I find that my attitude towards pain and suffering makes a difference. Unchecked, I naturally move away from things which are painful. If I touch something hot enough to burn I instinctively draw back. However, I know that sometimes things are physically difficult or uncomfortable, yet I must accept that in order to achieve another goal. I might think of climbing a mountain; uncomfortable or painful at times, yet greatly rewarding when I reach the top, particularly because it was difficult. Psychologically I attempt a similar attitude. I choose to be with or confront painful emotional situations, or to suffer as a form of service, in order to allow something else to happen. For example, when someone is sad I might sit with them and feel sad myself, which helps that person be with their feelings and strengthens my relationship with them. I find that pain and suffering present opportunities, often by breaking down my old ways of being so that something new can emerge. My self-care becomes a focus on how I manage and process pain and suffering psychologically in order to become more than I was before. Rather than thinking ‘this is dreadful’ and desperately seeking release, I try to accept and learn from my pain.

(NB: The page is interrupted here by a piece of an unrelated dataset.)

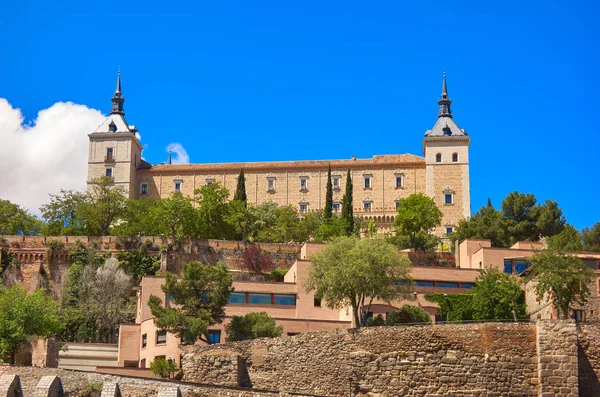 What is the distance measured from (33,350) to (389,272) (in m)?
17.8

Another important part of my self-care is following a ‘spiritual’ path that supports an ongoing transformation of my inner world. I practice through a combination of yoga, reflection, my work, and physical activity in nature such as gardening. I have labelled these activities ‘spiritual’ as they enable me to make meaningful connection between my embodied self and the world, and help me let go of conditioned attitudes, beliefs and behaviour which no longer serve me. Others I know follow a more formal spiritual path, or undertake service to others through community work, or explore through creative works or therapy. I think this is a highly personal area, and one where there is a path to follow rather than somewhere to get to. Following a spiritual path supports my ability to manage difficult times, gives me a sense of direction and purpose in the face of adversity, and helps me come back to myself rather than get lost in emotions or experience.
Self-care is something to practice even when we feel good. As well as taking care of yourself practically, consider how you nourish your inner world and how you allow pain to touch you so that you grow.